> **TASK BRIEF**:
From the line with "Natural Uruguayan Amethyst" to the line with "такими же дороги...", retype each line exactly as it stands in the records below, but skip the pictures.

> **SUPPLIED MATERIAL**:
· · · · ·

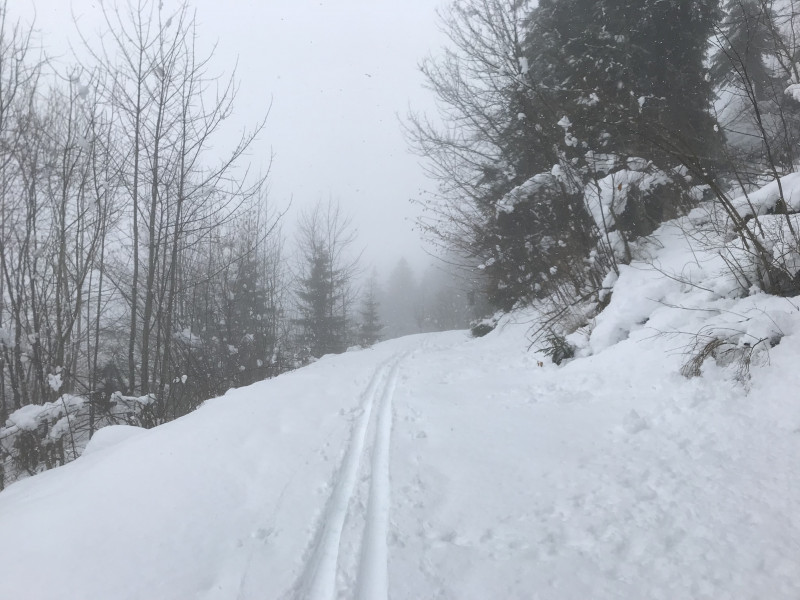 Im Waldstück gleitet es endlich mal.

· · · · ·

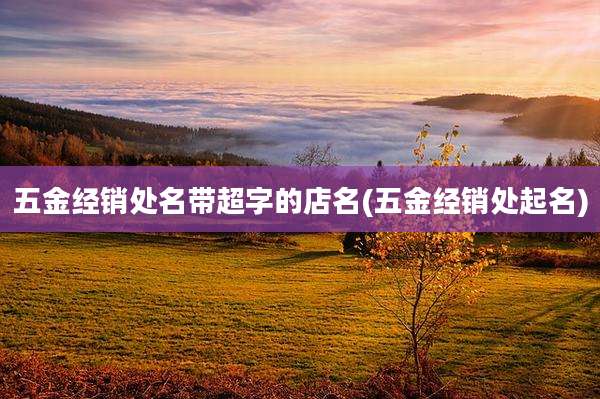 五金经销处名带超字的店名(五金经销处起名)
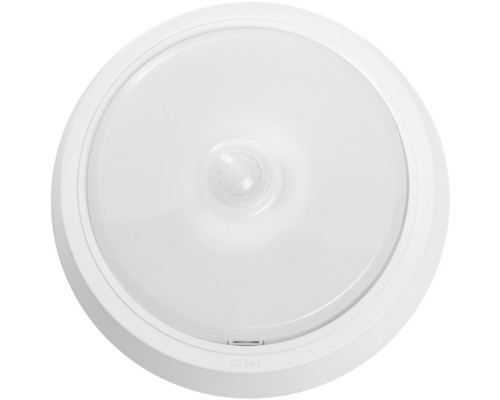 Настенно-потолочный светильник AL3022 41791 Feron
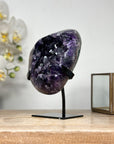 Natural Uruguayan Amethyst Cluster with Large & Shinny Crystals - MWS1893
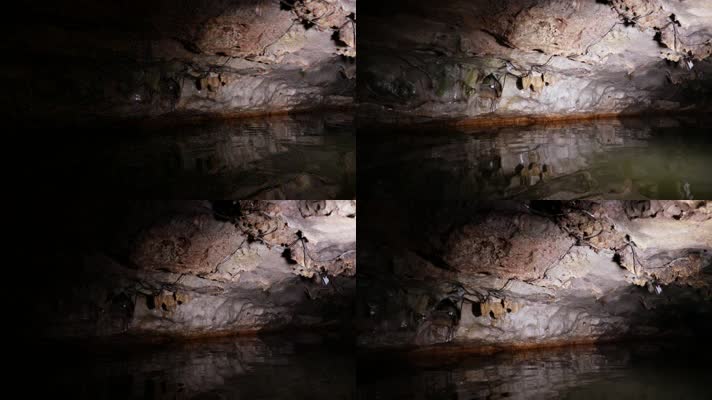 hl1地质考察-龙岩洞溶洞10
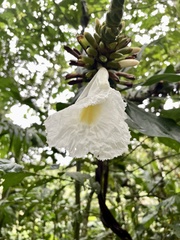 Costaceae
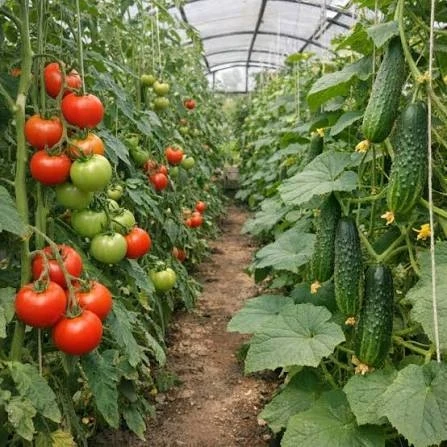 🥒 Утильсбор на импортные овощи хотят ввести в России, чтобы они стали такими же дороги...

· · · · ·

> **ANSWER BOX**:
 Natural Uruguayan Amethyst Cluster with Large & Shinny Crystals - MWS1893
 hl1地质考察-龙岩洞溶洞10
 Costaceae
 🥒 Утильсбор на импортные овощи хотят ввести в России, чтобы они стали такими же дороги...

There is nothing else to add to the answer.